Two regions may be geometrically far apart but graph-close through alternating components.
Thus BFS layers are meaningless for inclusion.
Error 2: no unique “first separating component”
Correct. Separating structures in planar graphs are not unique. Multiple disjoint barriers can exist, and shortest paths do not define canonical separators.
Only geometric cycles define separation, not adjacency chains.
Error 3: BFS parent ambiguity
Correct. BFS trees are arbitrary spanning trees. Multiple predecessors may exist and tie-breaking destroys geometric meaning.
Containment requires uniqueness derived from planar nesting, not traversal order.
Error 4: planarity does not imply a tree in adjacency graph
Correct. The region adjacency graph is generally cyclic. Cycles are normal and unrelated to containment hierarchy.
The tree arises only after passing to faces and nesting depth.

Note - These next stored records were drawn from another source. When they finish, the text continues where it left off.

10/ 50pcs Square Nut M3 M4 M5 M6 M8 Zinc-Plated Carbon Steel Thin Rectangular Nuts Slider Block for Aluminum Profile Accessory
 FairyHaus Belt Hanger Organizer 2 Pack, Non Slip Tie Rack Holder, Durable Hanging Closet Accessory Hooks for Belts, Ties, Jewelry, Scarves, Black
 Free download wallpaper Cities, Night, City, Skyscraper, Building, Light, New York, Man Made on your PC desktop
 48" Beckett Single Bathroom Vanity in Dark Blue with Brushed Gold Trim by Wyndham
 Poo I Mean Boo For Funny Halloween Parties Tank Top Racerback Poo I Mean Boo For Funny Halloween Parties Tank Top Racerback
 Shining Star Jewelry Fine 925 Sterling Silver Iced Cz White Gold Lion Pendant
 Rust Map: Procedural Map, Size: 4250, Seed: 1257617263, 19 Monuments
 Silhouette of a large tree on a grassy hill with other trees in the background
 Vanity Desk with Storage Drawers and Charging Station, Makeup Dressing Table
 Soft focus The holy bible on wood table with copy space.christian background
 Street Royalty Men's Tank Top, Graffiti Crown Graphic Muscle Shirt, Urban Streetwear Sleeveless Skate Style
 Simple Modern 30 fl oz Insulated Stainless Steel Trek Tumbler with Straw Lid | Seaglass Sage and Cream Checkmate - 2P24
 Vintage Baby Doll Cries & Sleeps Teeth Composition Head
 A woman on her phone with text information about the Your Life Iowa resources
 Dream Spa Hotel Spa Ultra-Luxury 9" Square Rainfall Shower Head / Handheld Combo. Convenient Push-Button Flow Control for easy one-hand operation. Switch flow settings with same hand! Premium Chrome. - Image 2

Error 5: adjacency ≠ containment
Correct and fundamental.
Adjacency describes sharing a boundary.
Containment describes enclosure by closed Jordan curves.
These are different relations.
9. Final corrected algorithm (scanline-compatible)
- Scan bitmap row by row.
- Build runs and union–find components.
- Record boundary segments between opposite-colored runs.
- Convert boundary segments into planar boundary cycles (face tracing).
- Compute face nesting depth using ray-crossing parity.
- For each face, assign its parent as the minimal strictly enclosing face of depth minus one.
- Output the resulting inclusion tree.
10. Correctness summary
- Components are computed correctly via union–find over scanline runs.
- Boundary cycles reconstruct the true planar embedding.
- Nesting is computed via winding structure, not graph distance.
- The inclusion tree is derived from depth-ordered face containment, which is the mathematical definition of surroundedness.
- No BFS or adjacency graph reasoning is used to infer topology.
This yields a valid construction of the surroundedness tree consistent with planar topology and scanline input constraints.